The book lacks the vindictive or vaporous tone of many political autobiographies. It’s peppered with endearing personal stories, like the time W. made a Rose Garden speech supporting a Palestinian state and his mother called afterward to ask sarcastically, “How’s the first Jewish president doing?”
But when I look at the sad eyes of President Obama, buried alive with his party beneath the heedless decisions and reckless spending and tax cuts of his predecessor, I snap out of it.
Many presidents go a little loco. Others — even those who insist they want to be transformative and not play “small ball” — fall into periods where they seem strangely disengaged during crises.
It happened to President Obama during the interminable health care battle and intemperate birth of the Tea Party, and again when the BP well gushed.
It happened to W. with Afghanistan, Iraq and Katrina. When they tragically spun out of control on his watch, President Bush was not engaged.
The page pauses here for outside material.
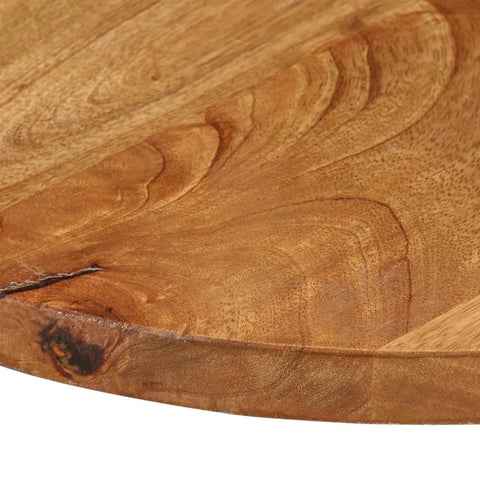 vidaXL Table Top Ø 40x3.8 cm Round Solid Wood Mango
He sometimes treated life-and-death issues like abstractions, not imminent threats, and frequently did not grasp the consequences of his decisions. By the time he got on top of things, many lives had been lost or shattered.
He wasn’t interested in the unglamorous part of decisions, the due diligence required before you plunge into wars that can break the military and expose to our enemies the limits of our power, or the follow-through essential for policies like nation-building in Afghanistan and education reform at home.
The author of “Decision Points” prides himself as The Decider, a man with a great gut and crisp opinions — the opposite of the discursive, deliberative Obama. From the beginning, the prodigal son of the first President Bush was packaged by Karl Rove as the anti-wimp — one hardy hombre. Junior was tougher than his cosmopolitan father, as his White House chief of staff Andy Card asserted, because W. was from West Texas and “his training was dealing with problems on the streets of Laredo or Dallas or Houston or Midland or Austin.”
W. modeled himself on a Western hero and he even walked like a gunslinger, noting that a president has to be the “calcium in the backbone.” Cheney played on this, taunting W. about sacking Saddam. At their weekly lunch, W. writes, “Dick asked me directly, ‘Are you going to take care of this guy, or not?’ ”
Yet for a self-proclaimed man of action, W. was often strangely passive, caught off guard again and again by shocks to America’s reputation and faith in itself.
He was “blindsided” when both his FBI director and his acting attorney general threatened to resign over the legality of the Terrorist Surveillance Program.
He was shocked by the looting and violence that followed the Iraq invasion, though it was widely forecast. He asked Rummy about the light troop levels, then meekly accepted the defense secretary’s tragic insistence that all was well.
W. writes that he was “blindsided” by the “grotesque” Abu Ghraib photos, which he only saw the day they were shown on “60 Minutes II.”
Rummy and Cheney knew how to play W.; when they offered to resign, he was so impressed with their loyalty, he let them stay. Besides, W. writes, “there was no obvious replacement for Don.” How about ... anybody?
He was “shocked” that there were no W.M.D., though it should have been an obvious possibility that the proud, decimated Saddam might want to look tough in front of his neighbors. And W. was taken aback by the Iraq insurgency, though when you toss a ruthless ruling class into the street, you should expect a rumble.
When W. could have acted to try to prevent real disasters — Osama’s attack on 9/11, the fiend’s escape at Tora Bora, the financial meltdown — he was oblivious. When he jumped in pre-emptively, as in Iraq, it was because he and Cheney had conjured up fake disasters out of their own paranoia and obsession with proving their toughness.
Yet if W.’s decision-making leaves something to be desired, his story-telling is good. He writes of a visit to Russia, when Putin showed him his black Labrador, Koni. “Bigger, stronger, and faster than Barney,” Putin bragged.
Later, when W. recounted this to Stephen Harper, the Canadian prime minister, Harper drolly noted, “You’re lucky he only showed you his dog.”